§ **DATA EXTRACTS**
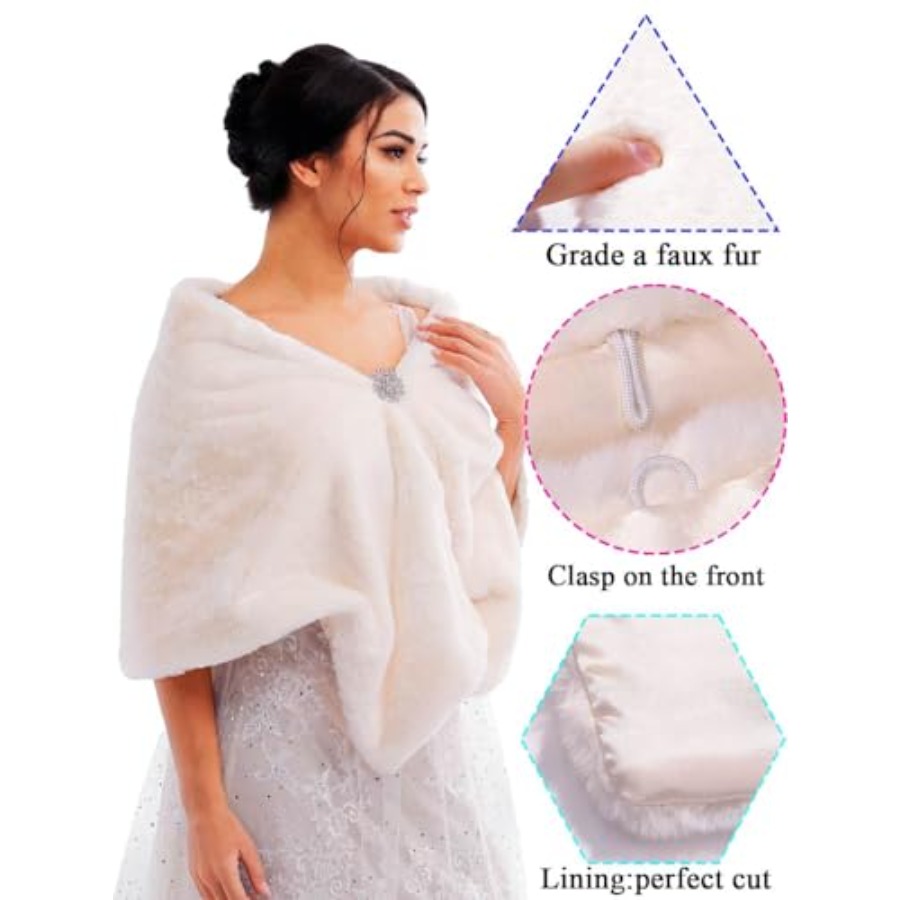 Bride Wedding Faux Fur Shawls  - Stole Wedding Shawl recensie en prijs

==

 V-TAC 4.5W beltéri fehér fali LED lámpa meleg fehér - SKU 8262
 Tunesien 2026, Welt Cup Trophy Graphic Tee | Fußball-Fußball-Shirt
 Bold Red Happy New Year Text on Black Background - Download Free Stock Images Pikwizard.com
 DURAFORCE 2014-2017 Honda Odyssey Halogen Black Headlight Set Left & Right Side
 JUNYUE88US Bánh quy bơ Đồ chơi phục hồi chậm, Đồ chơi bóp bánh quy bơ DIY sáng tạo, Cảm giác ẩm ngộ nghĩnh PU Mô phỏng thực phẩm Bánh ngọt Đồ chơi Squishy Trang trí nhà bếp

---

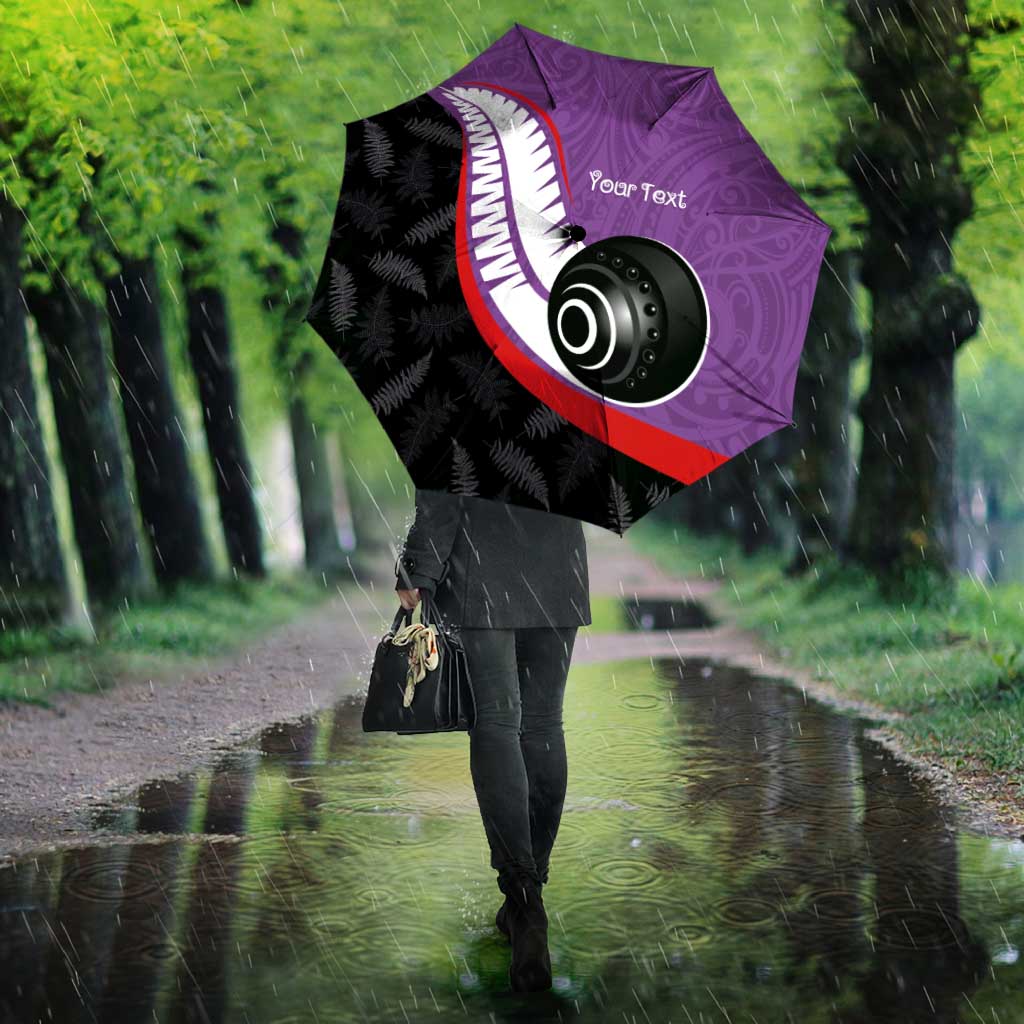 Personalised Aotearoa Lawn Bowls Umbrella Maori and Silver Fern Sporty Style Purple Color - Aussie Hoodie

§ **TASK DETAILS**
Check the entries above line by line and return each one containing the word "Black".

§ **RESPONSE AREA**
 Bold Red Happy New Year Text on Black Background - Download Free Stock Images Pikwizard.com
 DURAFORCE 2014-2017 Honda Odyssey Halogen Black Headlight Set Left & Right Side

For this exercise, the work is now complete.